▶ [WORK ITEM]: Reproduce every entry word for word. Drop all pictures from the copy.

▶ [DATA EXTRACTS]:

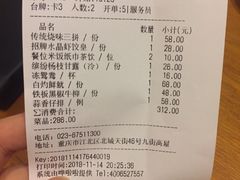 账单-广味轩(奥园店)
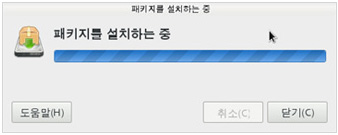 step05 프로그램 설치 설명 - 프로그램 설치 과정이 표시됩니다.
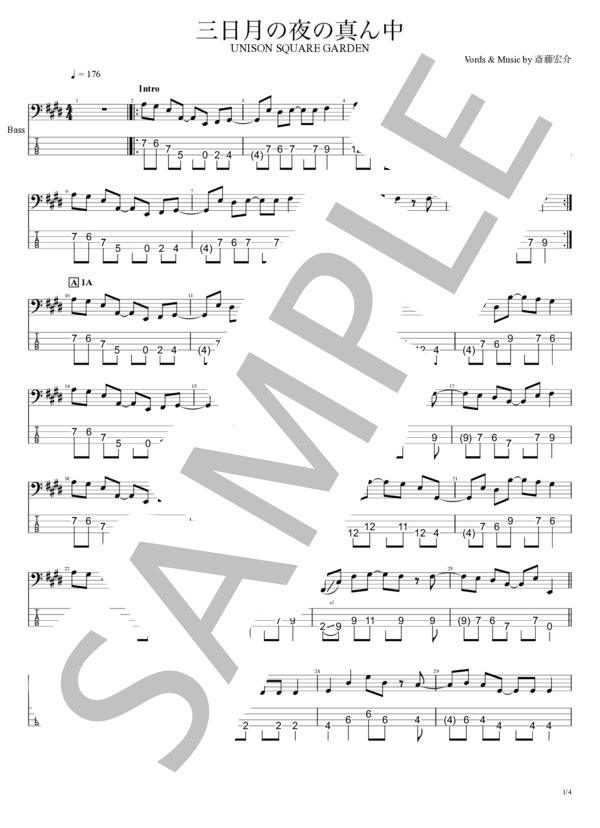 楽譜】三日月の夜の真ん中 / UNISON SQUARE GARDEN / UNISON SQUARE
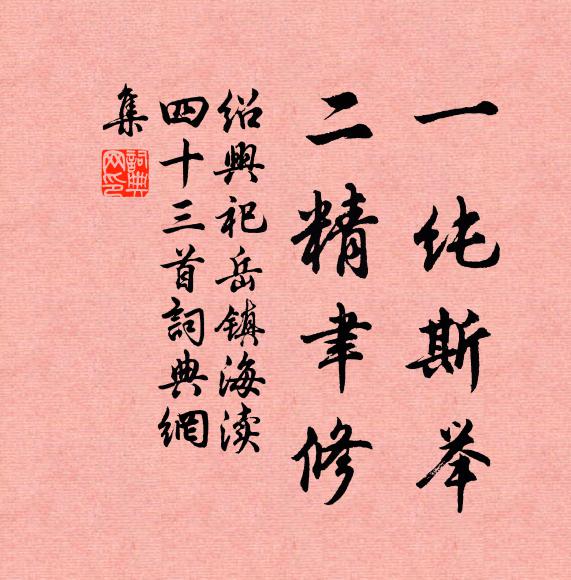 遠籟飛簫管，零冰響佩環 詩詞名句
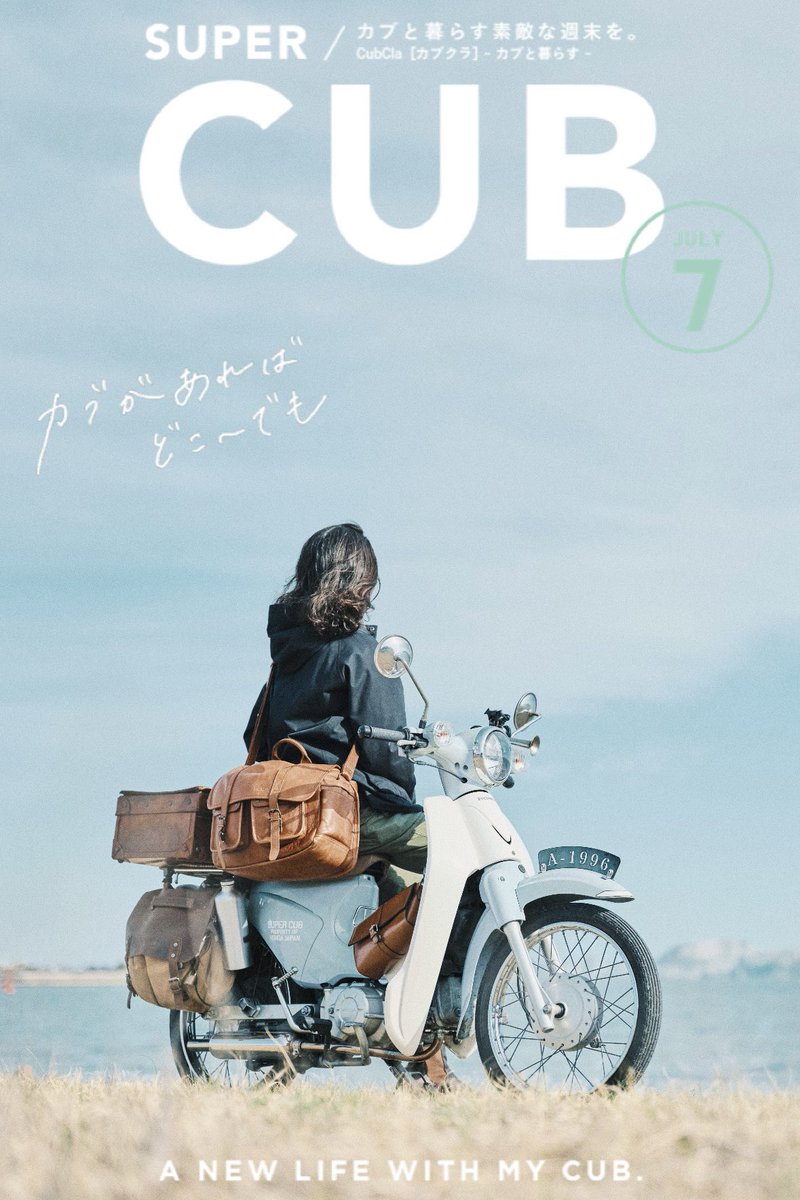 naotokirimare's tweet photo. カブクラさん(@cub_cla)の新しいテンプレートきたー���

カブがあればどこまでも https://t.co/kBVZ6jrVMa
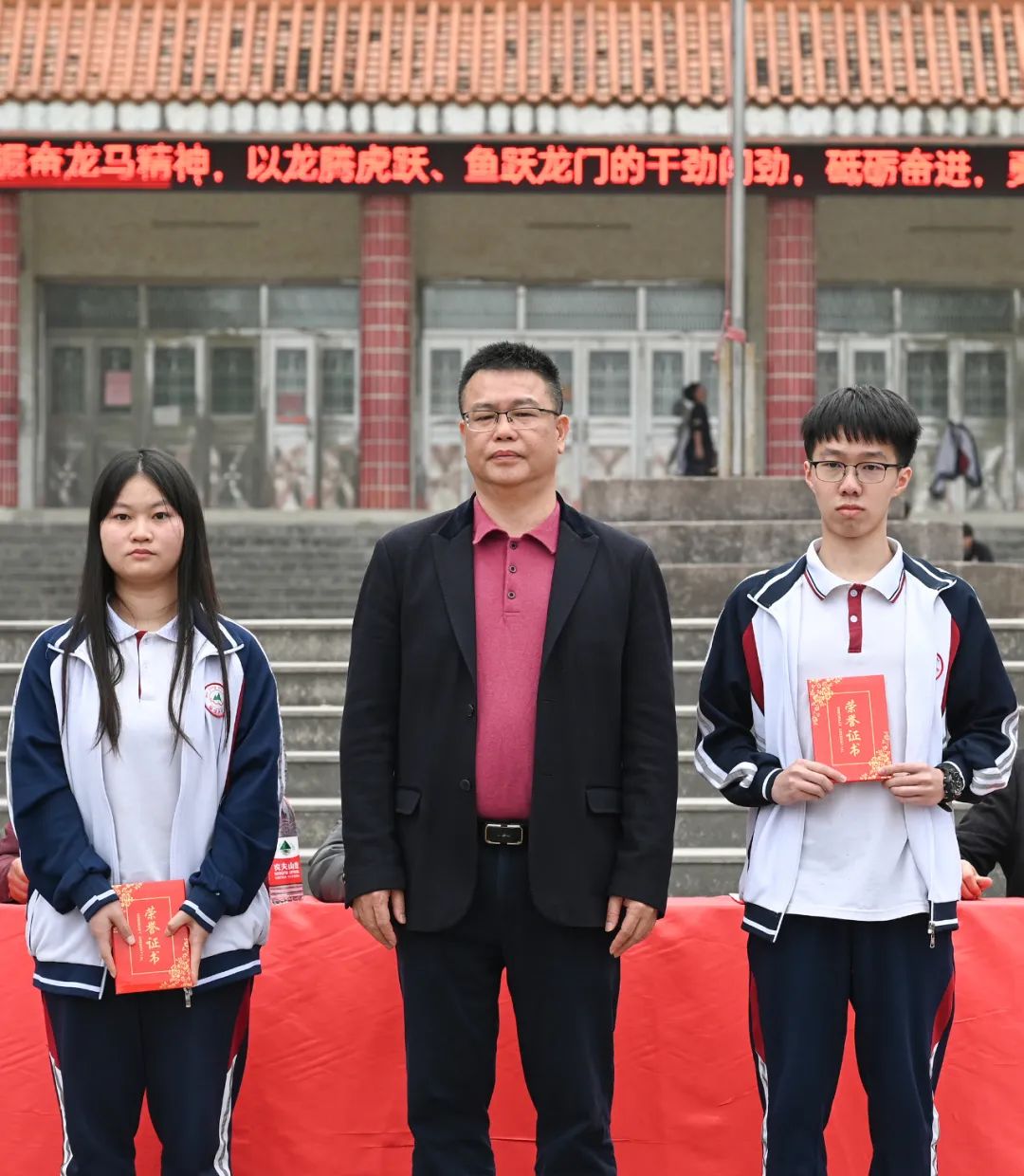 普宁梅峰中学的高考誓师,很隆重! 第7张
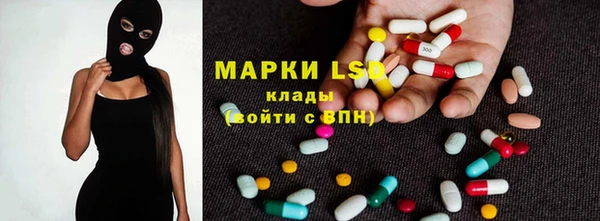 МДМА Алзамай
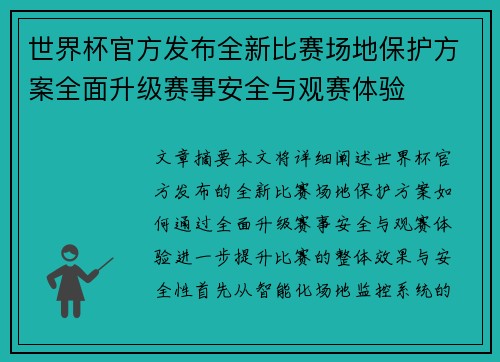 世界杯官方发布全新比赛场地保护方案全面升级赛事安全与观赛体验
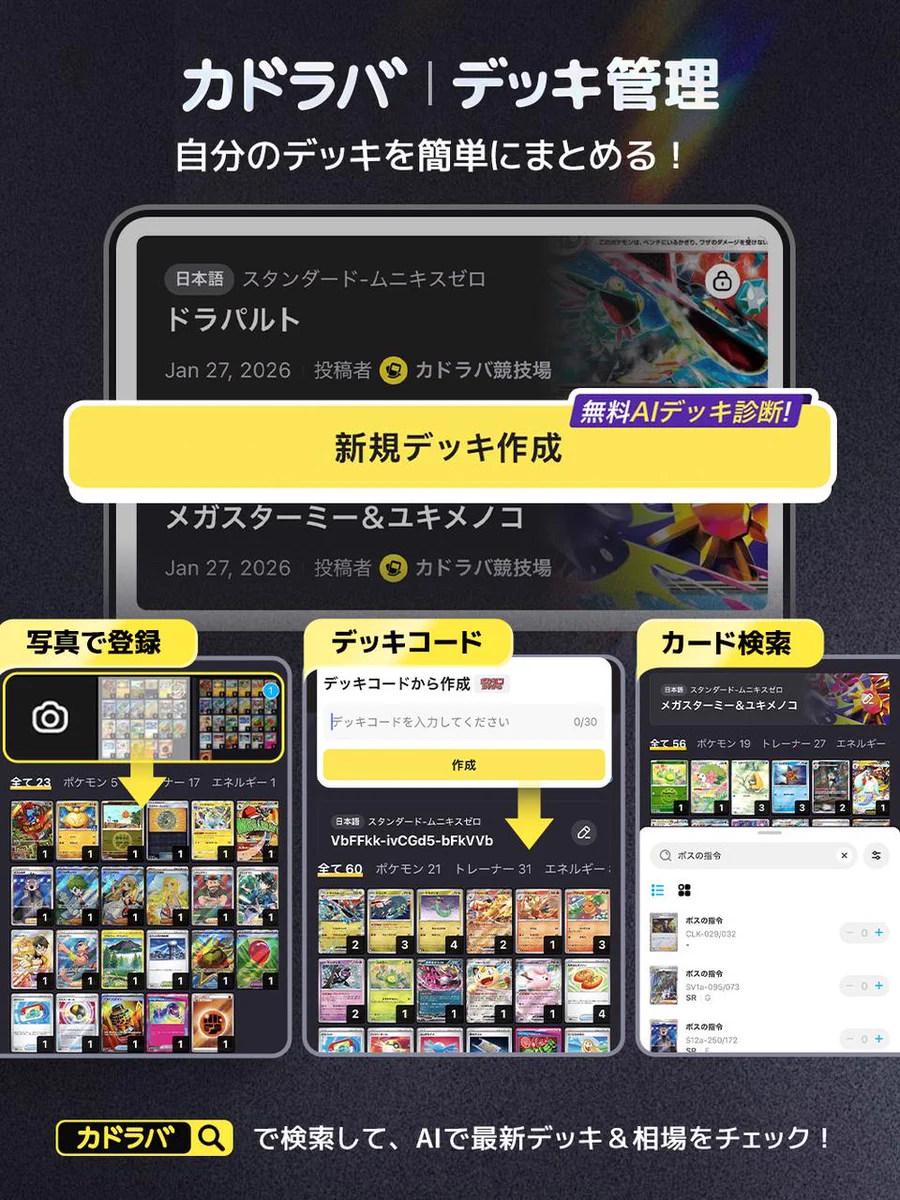 【8/8 ジムバトル全勝】メガルカリオex グラードン構築済みデッキ　AR SR カドラバ【公式】 on X: 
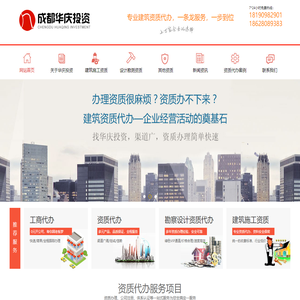 建筑资质代办|安许代办|建筑资质办理|成都建筑资质代办|安全生产许可证代办|成都华庆投资咨询有限公司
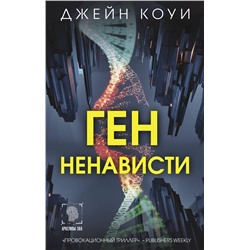 АСТ Джейн Коуи "Ген ненависти"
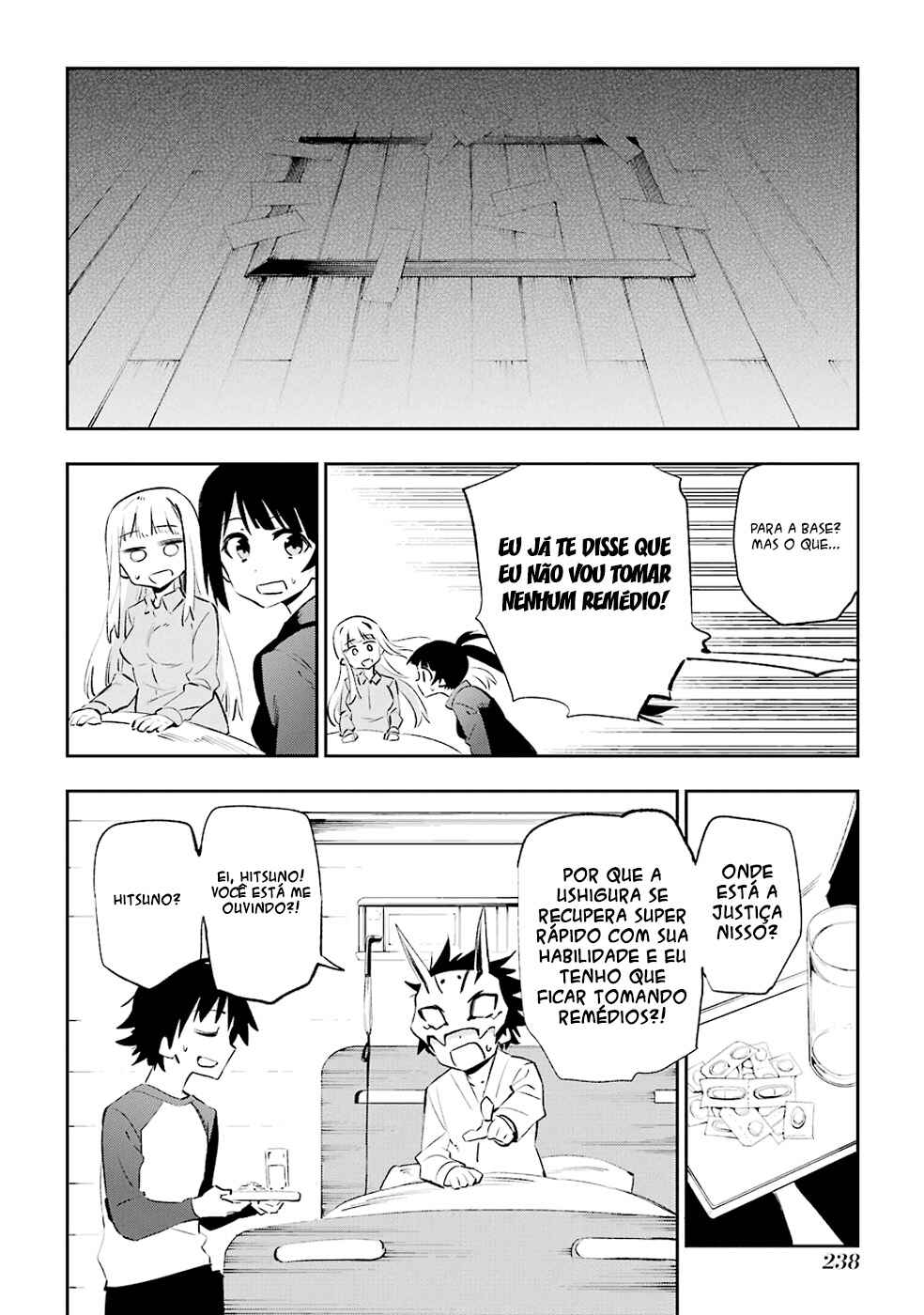 Urami Koi, Koi, Urami Koi Chapter 36 - Page 42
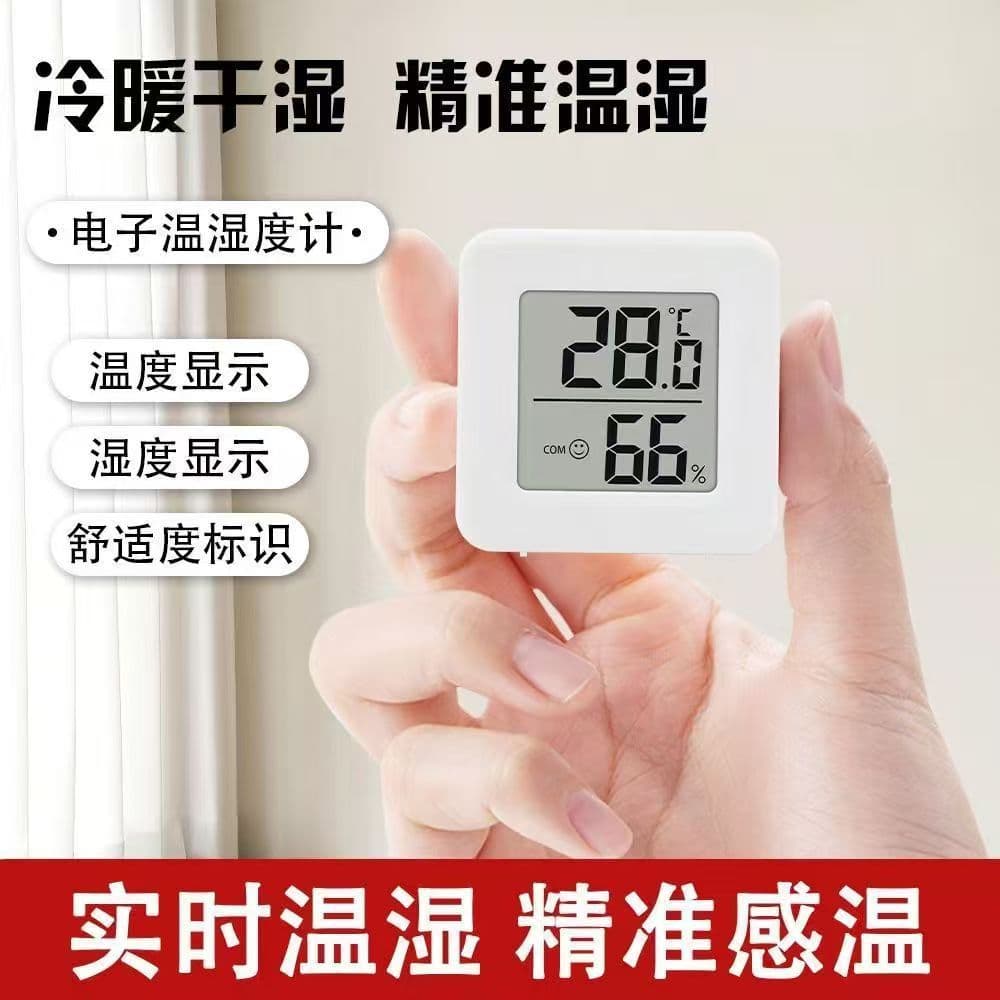 Indoor Hygrometer, Household Precision Electronic Smart Digital Display Wall-Mounted Baby Room Dry and Wet Temperature Meter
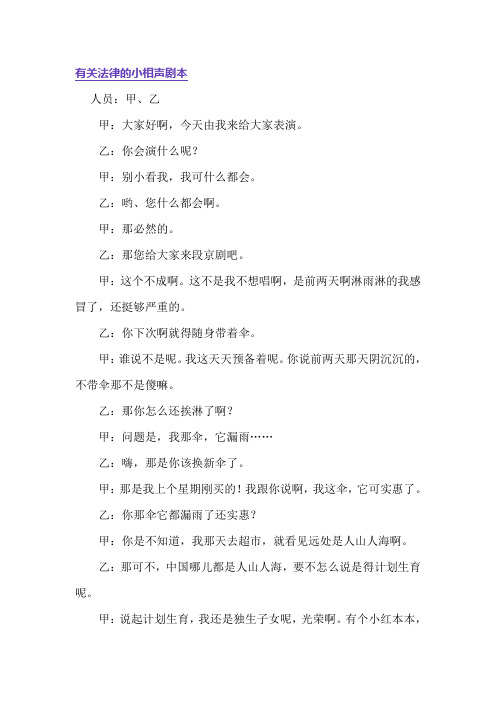 法制小品材料
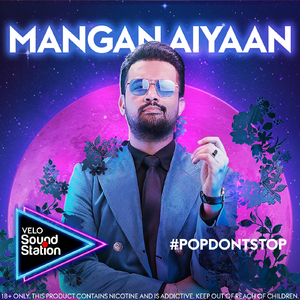 Mangan Aiyaan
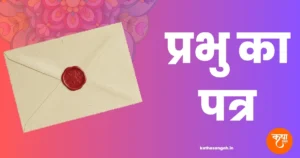 Prabhu Ka Patra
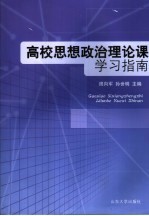 高校思想政治理论课学习指南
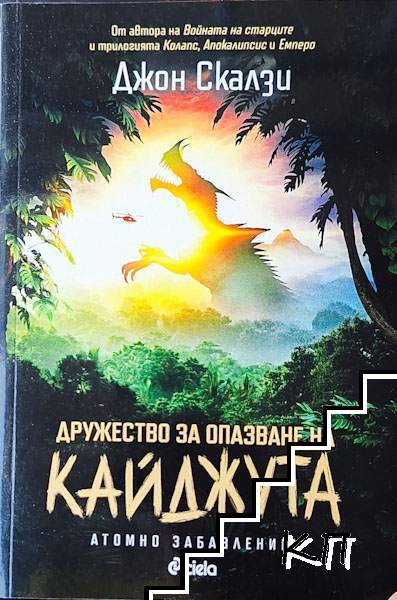 Дружество за опазване на кайджута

▶ [TASK SOLUTION]:
 账单-广味轩(奥园店)
 step05 프로그램 설치 설명 - 프로그램 설치 과정이 표시됩니다.
 楽譜】三日月の夜の真ん中 / UNISON SQUARE GARDEN / UNISON SQUARE
 遠籟飛簫管，零冰響佩環 詩詞名句
 naotokirimare's tweet photo. カブクラさん(@cub_cla)の新しいテンプレートきたー���

カブがあればどこまでも https://t.co/kBVZ6jrVMa
 普宁梅峰中学的高考誓师,很隆重! 第7张
 МДМА Алзамай
 世界杯官方发布全新比赛场地保护方案全面升级赛事安全与观赛体验
 【8/8 ジムバトル全勝】メガルカリオex グラードン構築済みデッキ　AR SR カドラバ【公式】 on X: 
 建筑资质代办|安许代办|建筑资质办理|成都建筑资质代办|安全生产许可证代办|成都华庆投资咨询有限公司
 АСТ Джейн Коуи "Ген ненависти"
 Urami Koi, Koi, Urami Koi Chapter 36 - Page 42
 Indoor Hygrometer, Household Precision Electronic Smart Digital Display Wall-Mounted Baby Room Dry and Wet Temperature Meter
 法制小品材料
 Mangan Aiyaan
 Prabhu Ka Patra
 高校思想政治理论课学习指南
 Дружество за опазване на кайджута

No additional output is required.